PhD Thesis
I completed my PhD in Computer Engineering at Boğaziçi University in 2023.
- Title: Source Separation via Weakly Supervised and Unsupervised Deep Learning
- Advisors: Ali Taylan Cemgil, Serap Kırbız, and Cem Say
Work from this thesis appears in the following publications:
- E. Karamatlı, A. T. Cemgil and S. Kırbız, “Audio Source Separation Using Variational Autoencoders and Weak Class Supervision,” IEEE Signal Processing Letters, 2019 [arXiv] [IEEE Xplore] [Code & Audio Samples]
- E. Karamatlı and S. Kırbız, “MixCycle: Unsupervised Speech Separation via Cyclic Mixture Permutation Invariant Training,” IEEE Signal Processing Letters, 2022 [arXiv] [IEEE Xplore] [Code & Audio Samples]

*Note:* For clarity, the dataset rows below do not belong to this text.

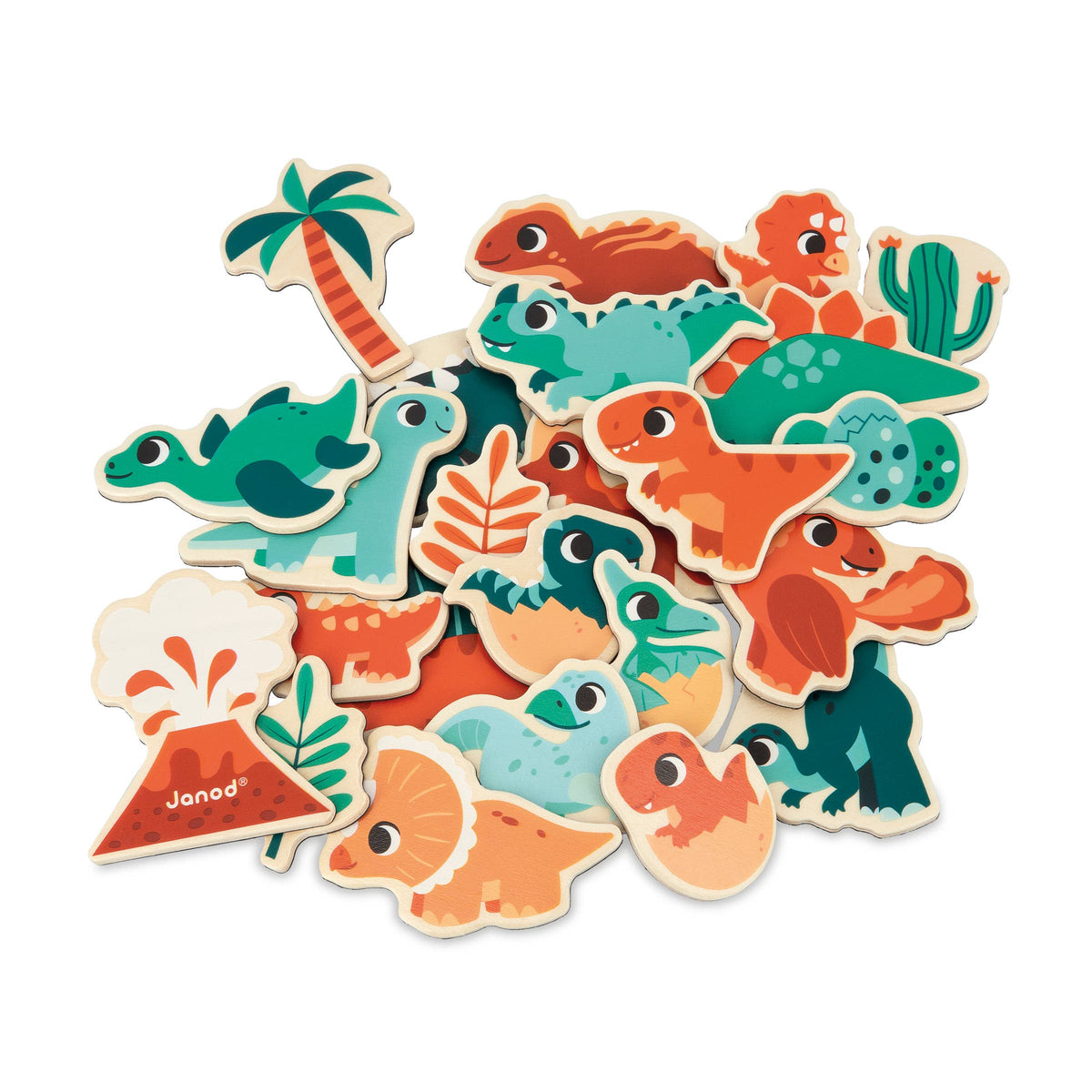 Janod - Set of Magnets | Dino | 24 wooden magnetic pieces | toy - Baby Dill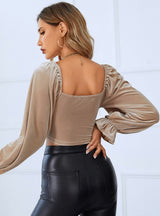 Retro Long Sleeve Drawstring Wood Ear Top Shirt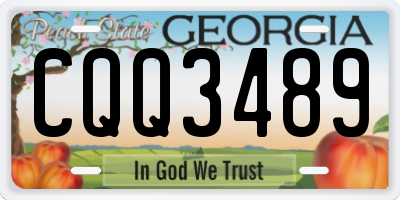 GA license plate CQQ3489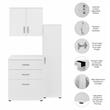Universal 3 Piece Laundry Room Storage Set in White - Engineered Wood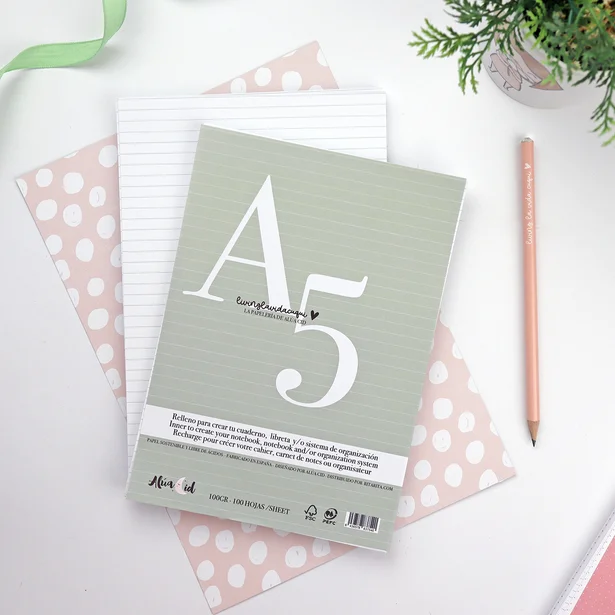 Relleno libreta A5 rayas, troqueladas para disco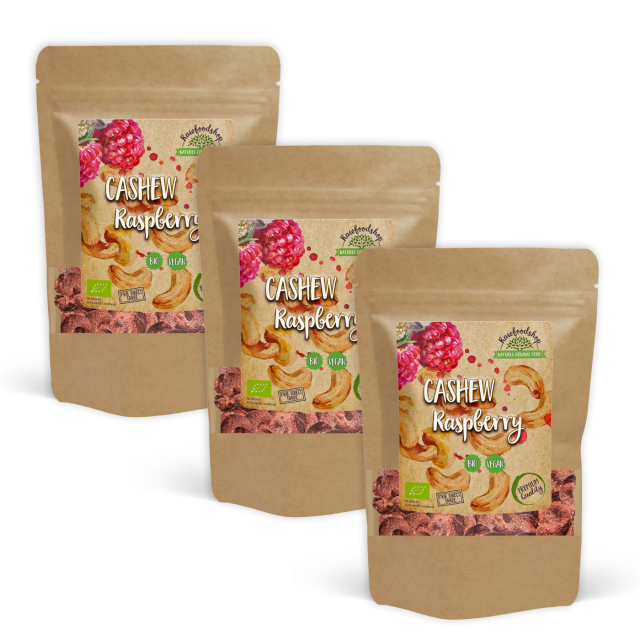 Cashewnødder Hindbær EKO 200 g x 3 pakker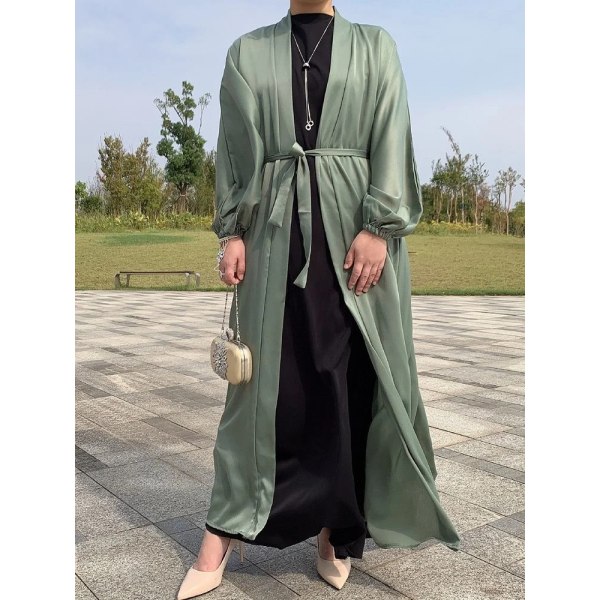 Eid Djellaba Abaya Dubai Glänsande mjuk manschett Ärmar Muslimsk klänning Silkeslen Kimono Dubai Turkiet Muslimsk klänning Islam Abayas Med Bälte WY56 Green with Scarf XL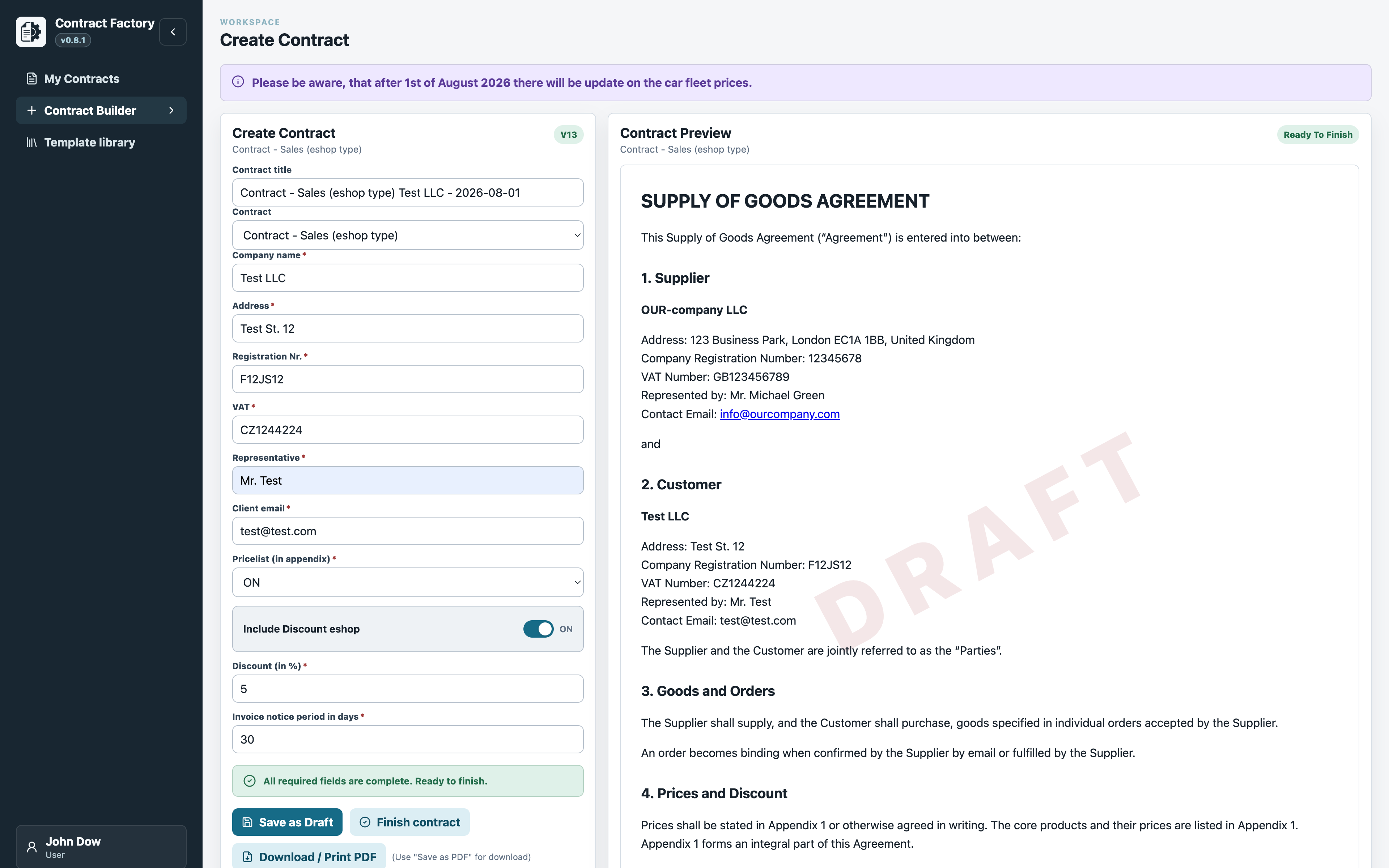 ContractFactory version 0.8.1 with guided fields and a live contract preview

- E. Karamatlı, A. T. Cemgil and S. Kırbız, “Source Separation and Classification Using Generative Adversarial Networks and Weak Class Supervision,” Digital Signal Processing, 2024 [Elsevier]
Abstract #
Source separation has been a key research area over the past several decades, and the emergence of deep learning approaches has revolutionized the field. Although supervised methods have been the pillars of this revolution, training such models often requires synthetic mixture datasets that may not represent real-world mixture signals adequately. In this thesis, we focus on single-channel source separation methods that are trained without having access to the underlying isolated source signals. This enables the training of source separation models solely on real-world mixture recordings that do not have corresponding source signals at hand. Therefore, it enables the models to be trained on a large amount of unlabeled or weakly-labeled data without additional labeling effort. We approach this problem in several different ways. First, we start with developing a decomposition-based weakly-supervised model that utilizes the class labels of the sources that are present in mixtures. We apply this weak class supervision approach to superimposed handwritten digit images using both non-negative matrix factorization (NMF) and generative adversarial networks (GANs). Second, we introduce another decomposition-based model that employs variational autoencoders (VAEs) to apply our weak class supervision approach to audio signals. Third, we introduce two purely unsupervised methods, which are trained exclusively on the mixture signals in a self-supervised fashion. The results of our experiments demonstrate that the proposed weakly-supervised and unsupervised methods are viable and mostly on par with the fully supervised baselines. We conclude that it is possible to replace supervised training with weakly-supervised and unsupervised methods in compatible real-world applications for better results.